マンション管理士の過去問 令和2年度(2020年) 問14
この過去問の解説 (3件)
正答は 2 です。
1 個人根保証契約は、極度額を定めなければその効力を生じません。ただし、この規定は令和2年4月1日以降に締結された保証契約に限られますので、本肢の契約は有効であり、正しいです。
2 保証人が法人である場合には、個人根保証契約の規定は適用されないので、誤りです。
3 令和2年4月1日以降に締結された極度額の定めがない個人根保証契約は、その効力を生じないので、正しいです。

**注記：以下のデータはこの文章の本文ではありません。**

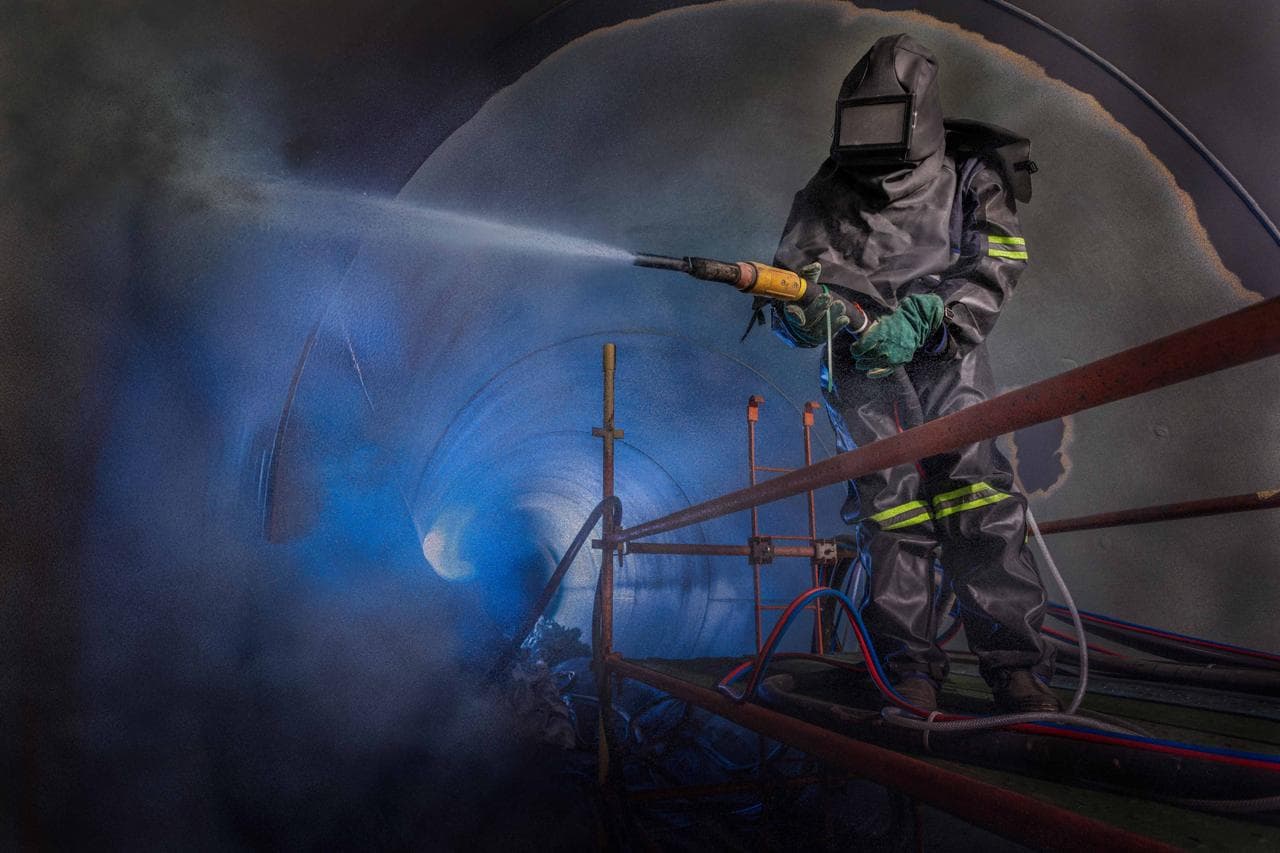 Corrosion Protection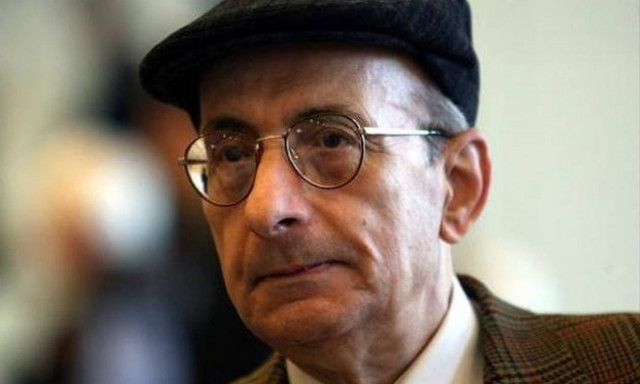 Μάνος Ελευθερίου: «Στη ζωή μου ένα πράγμα φοβήθηκα. Την αστυνομία»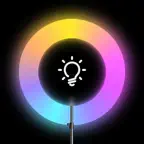 Mini Light - Fill Light Camera iOS Icon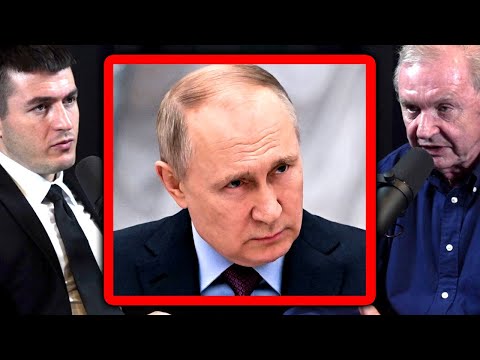 KGB spy question for Putin | Jack Barsky and Lex Fridman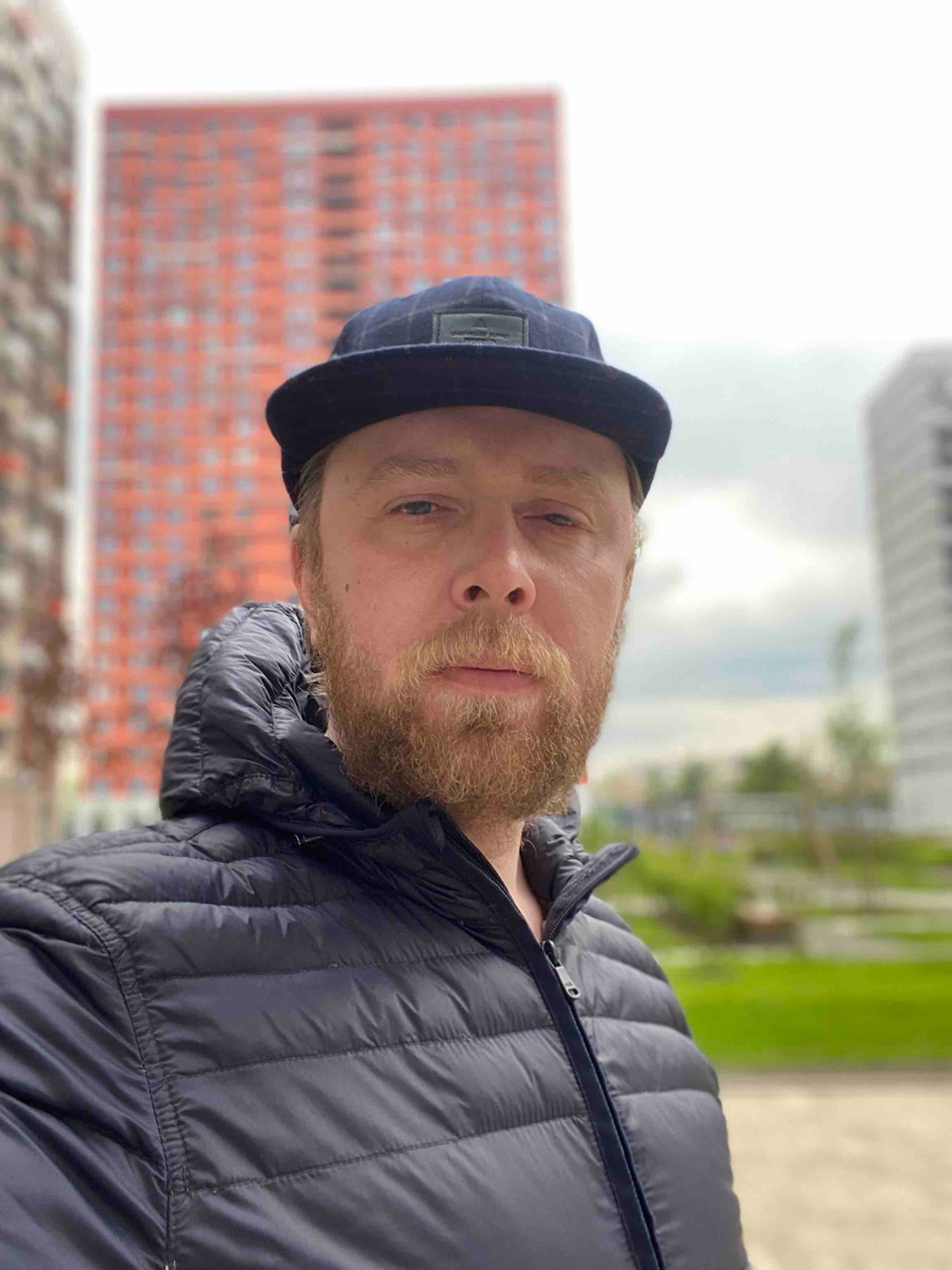 Михаил Собянин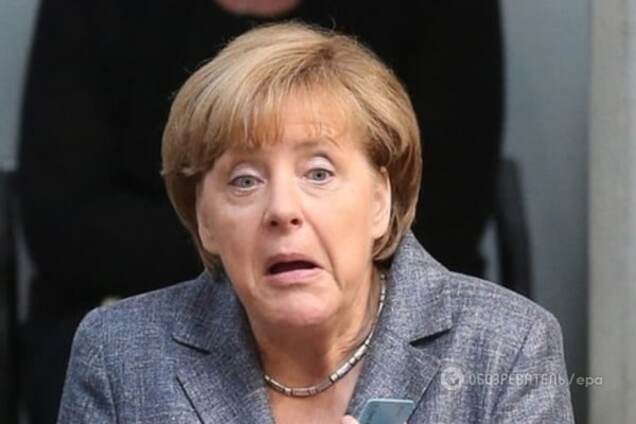 Папа Франциск рассказал о звонке от рассерженной Меркель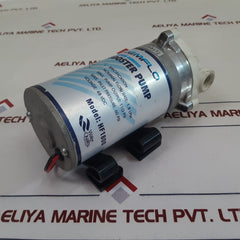 Kemflo Hf1800 Booster Pump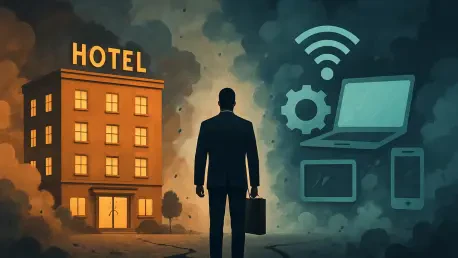 Technology: Is It Becoming Your Hotel’s Strategic Battleground?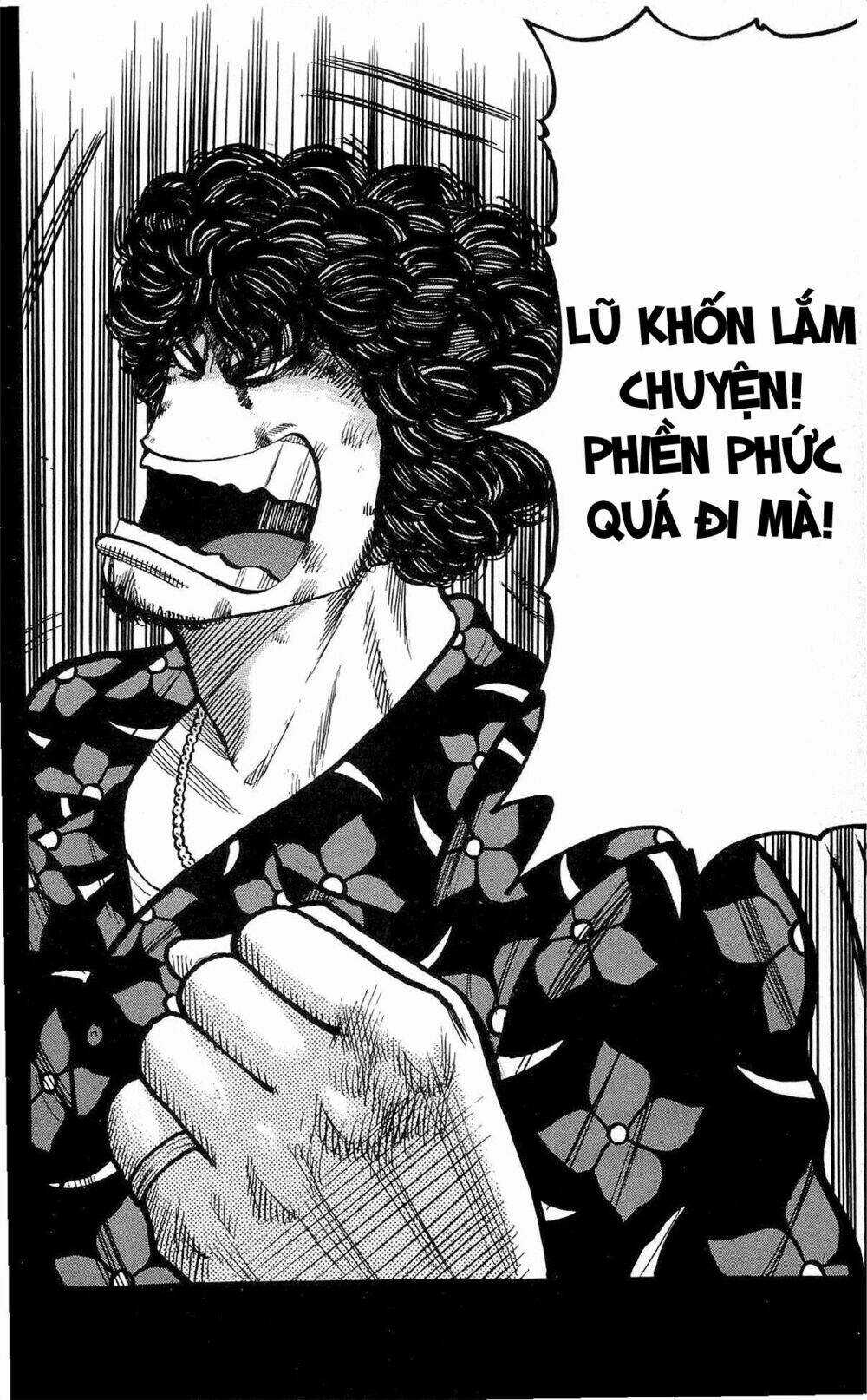 Worst Chapter 109 trang 19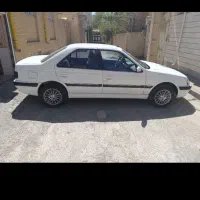 پژو پارس موتور جدید XU7P (سفارشی)، مدل ۱۴۰۲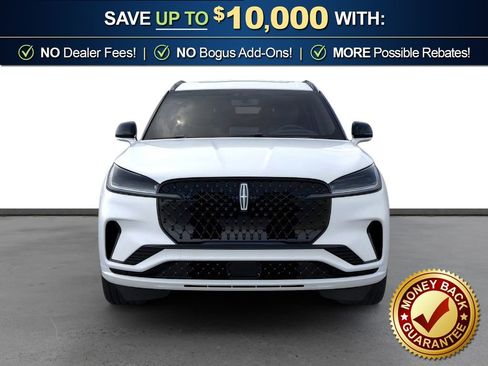 New 2026 Lincoln Aviator Reserve image 8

4 民法では、保証人が主たる債務者の委託を受けて保証をした場合において、保証人の請求があったときは、債権者は、保証人に対し、遅滞なく、主たる債務の元本及び主たる債務に関する利息、違約金、損害賠償その他その債務に従たる全てのものについての不履行の有無並びにこれらの残額及びそのうち弁済期が到来しているものの額に関する情報を提供しなければならないとされているので、正しいです。
2.が答えになります。
≪詳細解説≫
前提として、誤りを選ぶ問題では、明らかな誤りがある設問を見つけられるかが重要です。
1.正
民法465条の2第2項では、「個人根保証契約は、極度額を定めなければ、その効力を生じない。」とあり、誤りのように見えますが、この条文については、民法の大改正のあった令和2年4月1日施行以降の契約が対象です。設問では、「保証契約が令和元年5月1日に締結」とあるため、改正法の対象外になります。試験委員がたまに出題する時事問題の一種ですので、こんな設問があったくらいで良いです。
2.誤
設問中、「法人である」という部分が誤りです。
民法465条の2第1項では、「一定の範囲に属する不特定の債務を主たる債務とする保証契約(以下「根保証契約」という。)であって保証人が法人でないもの(以下「個人根保証契約」という。)の保証人は、主たる債務の元本、主たる債務に関する利息、違約金、損害賠償その他その債務に従たる全てのもの及びその保証債務について約定された違約金又は損害賠償の額について、その全部に係る極度額を限度として、その履行をする責任を負う。」となります。明らかな誤りですので、この設問から答えを導いてください。
3.正
1.の設問との対比です。「保証契約が令和2年5月1日に締結」とあるので、改正民法465条の2第2項が適用されます。
4.正
民法458条の2によると、「保証人が主たる債務者の委託を受けて保証をした場合において、保証人の請求があったときは、債権者は、保証人に対し、遅滞なく、主たる債務の元本及び主たる債務に関する利息、違約金、損害賠償その他その債務に従たる全てのものについての不履行の有無並びにこれらの残額及びそのうち弁済期が到来しているものの額に関する情報を提供しなければならない。」とされます。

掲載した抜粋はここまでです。